Data excerpts —
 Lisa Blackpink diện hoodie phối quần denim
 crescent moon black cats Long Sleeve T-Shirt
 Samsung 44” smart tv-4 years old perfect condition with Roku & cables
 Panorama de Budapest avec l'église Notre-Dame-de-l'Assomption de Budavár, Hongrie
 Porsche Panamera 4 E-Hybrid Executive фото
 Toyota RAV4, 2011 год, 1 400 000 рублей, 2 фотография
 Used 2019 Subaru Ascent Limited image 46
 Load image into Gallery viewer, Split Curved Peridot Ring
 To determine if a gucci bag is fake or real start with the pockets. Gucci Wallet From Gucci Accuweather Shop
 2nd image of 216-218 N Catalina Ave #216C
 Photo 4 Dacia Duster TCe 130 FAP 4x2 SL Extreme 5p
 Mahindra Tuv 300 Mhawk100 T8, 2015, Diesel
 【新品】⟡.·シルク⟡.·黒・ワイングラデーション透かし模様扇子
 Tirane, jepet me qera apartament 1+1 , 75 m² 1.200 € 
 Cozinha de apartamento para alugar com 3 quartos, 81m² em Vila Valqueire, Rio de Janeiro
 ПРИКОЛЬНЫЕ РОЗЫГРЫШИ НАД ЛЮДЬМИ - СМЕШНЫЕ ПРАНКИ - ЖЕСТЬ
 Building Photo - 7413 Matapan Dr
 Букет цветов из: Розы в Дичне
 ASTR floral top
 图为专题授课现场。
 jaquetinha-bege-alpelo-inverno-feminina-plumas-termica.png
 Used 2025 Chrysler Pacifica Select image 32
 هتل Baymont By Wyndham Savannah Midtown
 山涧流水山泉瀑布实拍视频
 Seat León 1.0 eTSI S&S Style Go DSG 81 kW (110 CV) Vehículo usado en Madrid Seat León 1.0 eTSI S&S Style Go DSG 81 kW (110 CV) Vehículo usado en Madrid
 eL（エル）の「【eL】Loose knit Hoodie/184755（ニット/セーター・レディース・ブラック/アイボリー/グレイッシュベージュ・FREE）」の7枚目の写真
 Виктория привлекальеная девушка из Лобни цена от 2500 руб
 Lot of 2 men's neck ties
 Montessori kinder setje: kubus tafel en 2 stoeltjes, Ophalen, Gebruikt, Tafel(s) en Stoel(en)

TASK DIRECTIONS — Your answer must consist solely of the lines above between the line holding "2nd image of 216-218 N Catalina Ave #216C" and the line holding "en Madrid Seat", inclusive, copied exactly.

EXERCISE ANSWER —
 2nd image of 216-218 N Catalina Ave #216C
 Photo 4 Dacia Duster TCe 130 FAP 4x2 SL Extreme 5p
 Mahindra Tuv 300 Mhawk100 T8, 2015, Diesel
 【新品】⟡.·シルク⟡.·黒・ワイングラデーション透かし模様扇子
 Tirane, jepet me qera apartament 1+1 , 75 m² 1.200 € 
 Cozinha de apartamento para alugar com 3 quartos, 81m² em Vila Valqueire, Rio de Janeiro
 ПРИКОЛЬНЫЕ РОЗЫГРЫШИ НАД ЛЮДЬМИ - СМЕШНЫЕ ПРАНКИ - ЖЕСТЬ
 Building Photo - 7413 Matapan Dr
 Букет цветов из: Розы в Дичне
 ASTR floral top
 图为专题授课现场。
 jaquetinha-bege-alpelo-inverno-feminina-plumas-termica.png
 Used 2025 Chrysler Pacifica Select image 32
 هتل Baymont By Wyndham Savannah Midtown
 山涧流水山泉瀑布实拍视频
 Seat León 1.0 eTSI S&S Style Go DSG 81 kW (110 CV) Vehículo usado en Madrid Seat León 1.0 eTSI S&S Style Go DSG 81 kW (110 CV) Vehículo usado en Madrid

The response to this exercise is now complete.